Humperdinck usually keeps his private life out of the spotlight, but chose to go public for one reason.
"It's a terrible disease," he says. "It's very rife at this point, and we have to do something about it. I thought it was important to let people know."
The news adds a bittersweet tinge to a celebratory time in the British singer’s life. He’s on a world tour to mark the 50 years since his success with "Release Me (And Let Me Love Again)." Issued in early 1967, the ballad became an international smash hit. In England, it kept the Beatles' “Penny Lane” out of the No. 1 spot; in the States, it went to No. 4.
It was pretty impressive, particularly for an old-fashioned country tune in the hazy days of the late '60s.
“I can’t believe how fast the time has gone by,” says Humperdinck, who was born with the much less cumbersome moniker of Arnold Dorsey. “Without that song, I wouldn’t be talking to you now. It’s the one that put me on the map. It stopped the almighty Beatles from getting to No. 1. For this unknown to do that? That was something.”
It wasn’t merely a hit record. It launched an amazingly durable international career for Humperdinck. He became a Las Vegas institution. Back when adult contemporary radio was still called easy listening, he scored hits through the ‘70s with songs like “After the Lovin’,” “Another Time, Another Place,” "A Man Without Love" and “The Last Waltz,” all marked by his distinctive vocal style.
That voice — deep, masculine and effortlessly warm — sounds remarkably unchanged.
“It’s as strong today as it was yesterday,” Humperdinck confirms. “I don’t do any scales or anything like trained singers or opera singers do. I don’t even know how to do scales! What I do know is how to sing in a contemporary fashion.”
He also knows how to entertain. Humperdinck is the type of performer who doesn’t have to rely on hit records or trends or TV appearances to keep audiences turning out. Even today, he does about 80 concerts a year all around the globe. He's an old-school entertainer: He picks terrific songs and presents them with great flair. Additionally, he boasts a playful sense of humor, which means the sentiment at his shows never runs too thick.
“I had an apprenticeship of working in some council clubs in England, and that put me in good stead for my future in show business," he says. "It was very good training.

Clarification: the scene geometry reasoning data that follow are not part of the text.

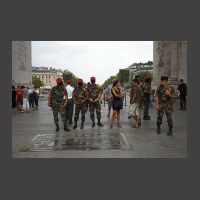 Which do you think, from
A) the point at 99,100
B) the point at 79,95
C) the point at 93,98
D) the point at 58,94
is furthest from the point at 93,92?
the point at 58,94

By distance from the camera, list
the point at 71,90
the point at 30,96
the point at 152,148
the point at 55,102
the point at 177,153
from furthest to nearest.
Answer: the point at 30,96 < the point at 71,90 < the point at 55,102 < the point at 152,148 < the point at 177,153

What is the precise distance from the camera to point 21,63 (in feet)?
113

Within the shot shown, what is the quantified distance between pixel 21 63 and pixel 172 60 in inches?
533

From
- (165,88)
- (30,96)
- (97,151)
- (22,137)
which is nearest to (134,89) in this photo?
(165,88)

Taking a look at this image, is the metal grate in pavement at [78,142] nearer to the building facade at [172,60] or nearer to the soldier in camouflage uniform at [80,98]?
the soldier in camouflage uniform at [80,98]

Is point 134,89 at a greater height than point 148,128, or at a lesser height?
greater

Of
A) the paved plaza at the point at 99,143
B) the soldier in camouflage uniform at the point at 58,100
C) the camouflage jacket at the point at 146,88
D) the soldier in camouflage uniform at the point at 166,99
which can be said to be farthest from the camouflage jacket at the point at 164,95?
the camouflage jacket at the point at 146,88

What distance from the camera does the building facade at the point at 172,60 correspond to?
33.9m

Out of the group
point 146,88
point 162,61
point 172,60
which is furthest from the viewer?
point 162,61

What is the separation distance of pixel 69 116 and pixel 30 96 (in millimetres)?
11263

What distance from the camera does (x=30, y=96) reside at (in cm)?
2684

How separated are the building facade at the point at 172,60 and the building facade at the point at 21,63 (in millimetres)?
12586

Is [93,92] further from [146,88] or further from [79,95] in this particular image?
[146,88]

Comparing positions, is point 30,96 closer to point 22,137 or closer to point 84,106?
point 84,106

You’d see other acts and how they’d handle an audience. You tend to steal a little bit from some people, and then eventually it becomes your own.”
Another part of the Humperdinck mystique? Good, old-fashioned sex appeal. With his thick dark hair, long sideburns and pouty lips, he was known for making heartsflutter. Even that hasn't changed too much.

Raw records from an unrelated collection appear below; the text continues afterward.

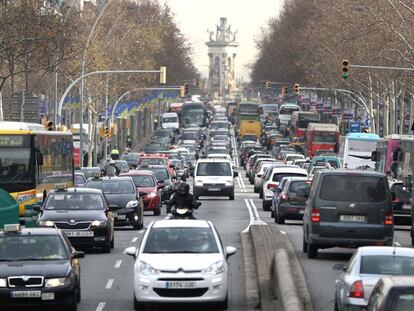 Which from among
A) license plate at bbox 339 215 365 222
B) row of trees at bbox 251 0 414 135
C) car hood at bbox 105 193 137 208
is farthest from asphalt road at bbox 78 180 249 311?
row of trees at bbox 251 0 414 135

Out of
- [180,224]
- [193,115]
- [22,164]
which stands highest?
[180,224]

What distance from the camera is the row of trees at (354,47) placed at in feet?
261

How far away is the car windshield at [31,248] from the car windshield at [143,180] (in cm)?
2649

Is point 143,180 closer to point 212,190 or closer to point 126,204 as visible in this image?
point 126,204

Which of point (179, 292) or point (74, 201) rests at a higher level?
point (179, 292)

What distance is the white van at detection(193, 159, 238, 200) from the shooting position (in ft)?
203

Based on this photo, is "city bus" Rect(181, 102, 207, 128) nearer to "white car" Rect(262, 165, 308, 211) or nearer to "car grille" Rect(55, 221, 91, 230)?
"white car" Rect(262, 165, 308, 211)

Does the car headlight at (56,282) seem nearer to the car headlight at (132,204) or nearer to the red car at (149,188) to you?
the car headlight at (132,204)

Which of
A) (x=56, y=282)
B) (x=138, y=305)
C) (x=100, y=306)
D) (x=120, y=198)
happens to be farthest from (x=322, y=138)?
(x=56, y=282)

"I'm very lucky in a lot of respects," Humperdinck says. "I haven't used the Beverly Hills knives to shape my face. I haven't changed my appearance. I've stayed as normal as I can. My skin is good to this day, thanks to good genes left to me by my wonderful parents."
Not even a little tuck here or there?
"No, no, no," he says. "I never want to do that. As you grow older, you get a little looseness in your neck. I'm not bothered by that. That's part of aging, part of life. And I'm very lucky with hair, it's all my own."
Retirement not in the plans
With everything in good working order, he's trying to enjoy the anniversary. Decca has released a terrific 11-disc set, “The Complete Decca Studio Albums,” which captures all his long-players from 1967 to 1973. A two-disc set that features some new recordings, “50,” reached No. 5 on the British charts. And there’s a new album due in October, so it seems he won't be slowing down any time soon.
"As long as people want me out there and I'm able to stand out on that stage, the platform, I'm happy to be continuing with this wonderful career that has been given to me," he says. "It's a blessing."